Start of RAW DATA

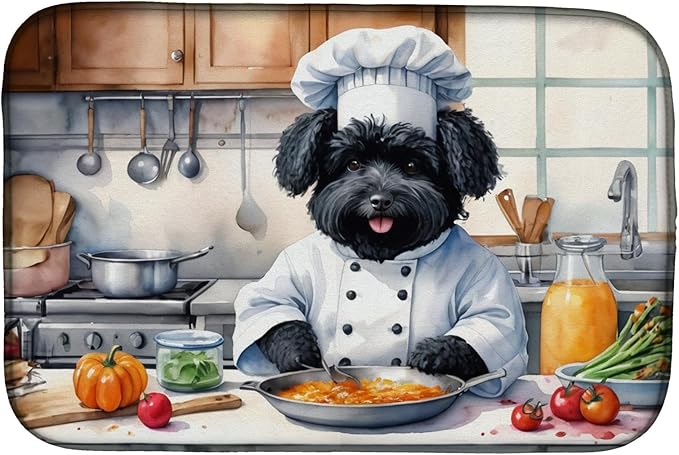 Caroline's Treasures DAC6312DDM Puli The Chef Dish Drying Mat Absorbent Dish by CarolinesTreasures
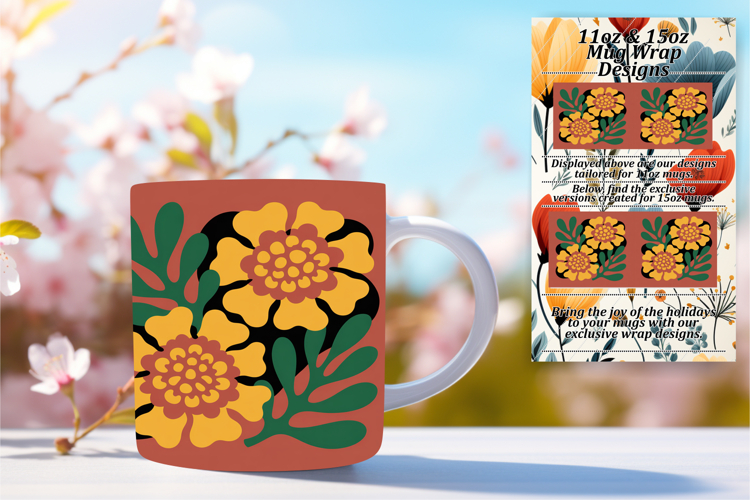 Sublimation 15oz Mug Wrap Png Template , Flowers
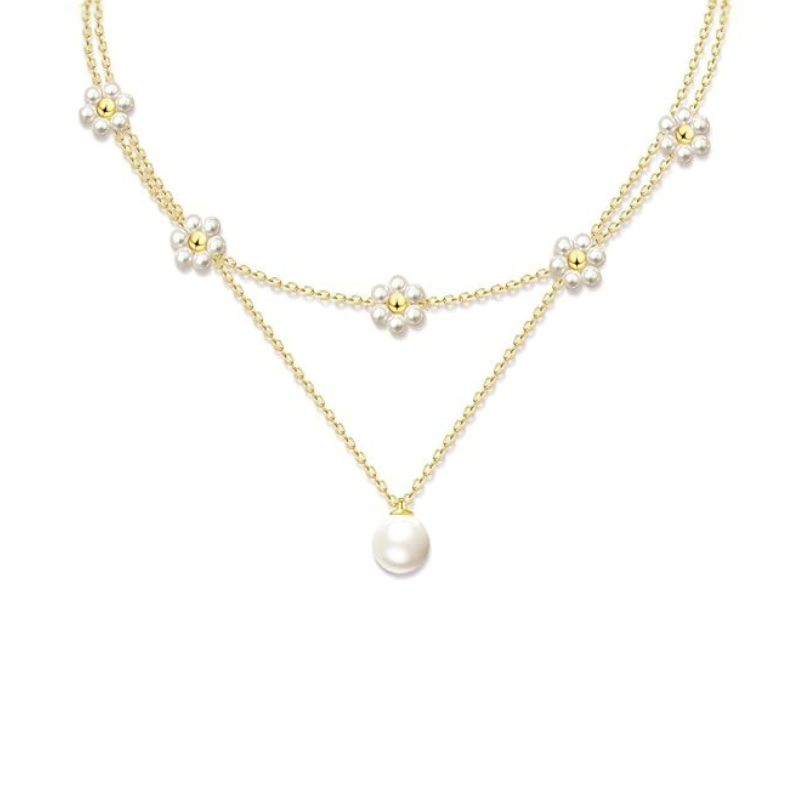 Collar Floral con Perla Multicapas | Oro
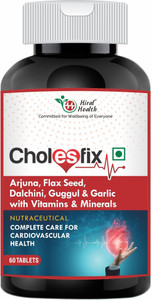 hiral health cholesfix tablets arjun chal flax seed with vitamins  minerals  heart health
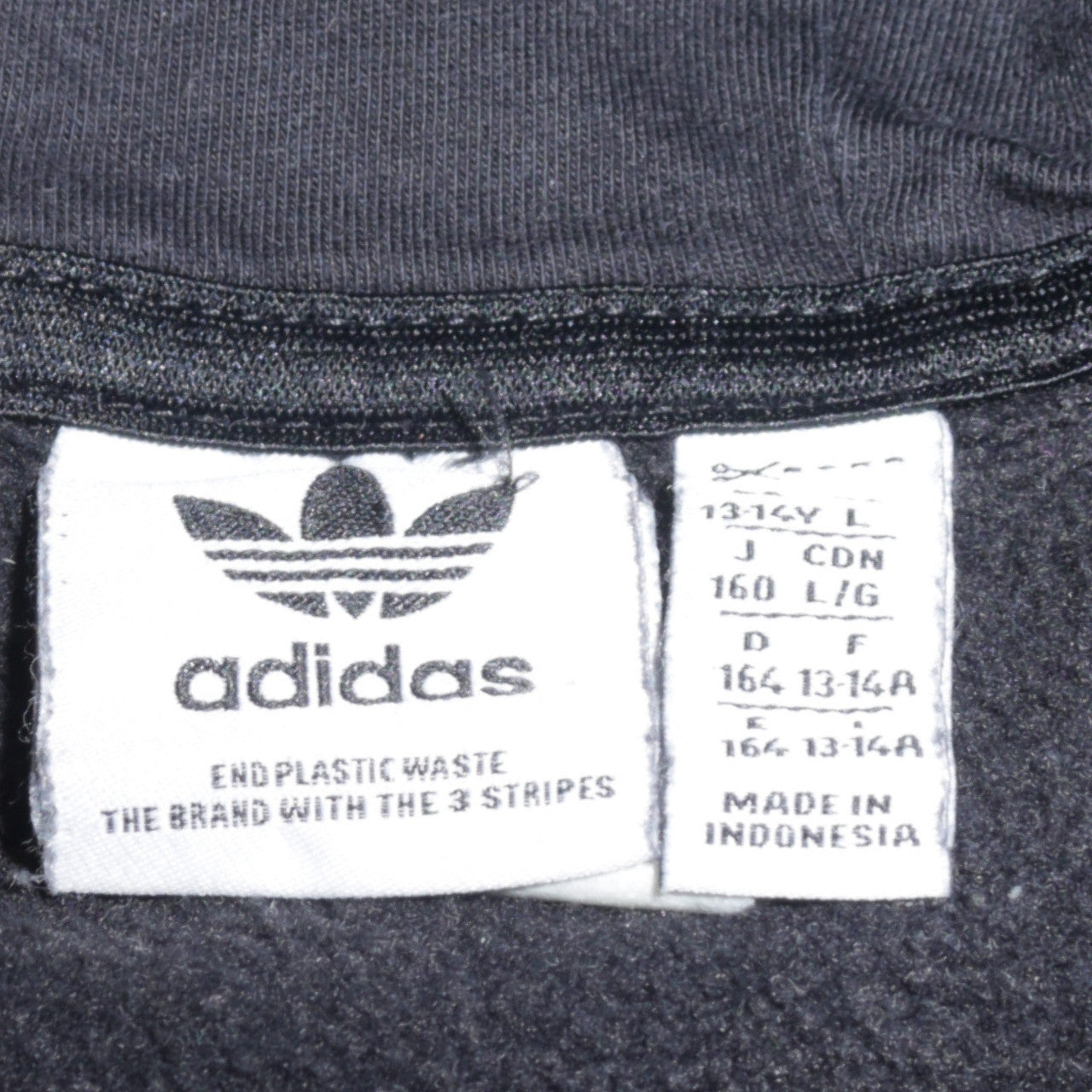 Adidas Teens Black Pullover Hoodie 164 Fleece Logo Sweatshirt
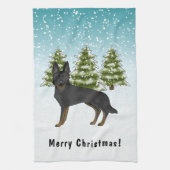 Bi-zwart Duits Herder Winterbos met tekst Theedoek (Verticaal)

End of RAW DATA

EXERCISE BRIEF — Your answer must be an exact repeat of the records above, with no pictures in it.

EXERCISE RESULT —
 Caroline's Treasures DAC6312DDM Puli The Chef Dish Drying Mat Absorbent Dish by CarolinesTreasures
 Sublimation 15oz Mug Wrap Png Template , Flowers
 Collar Floral con Perla Multicapas | Oro
 hiral health cholesfix tablets arjun chal flax seed with vitamins  minerals  heart health
 Adidas Teens Black Pullover Hoodie 164 Fleece Logo Sweatshirt
 Bi-zwart Duits Herder Winterbos met tekst Theedoek (Verticaal)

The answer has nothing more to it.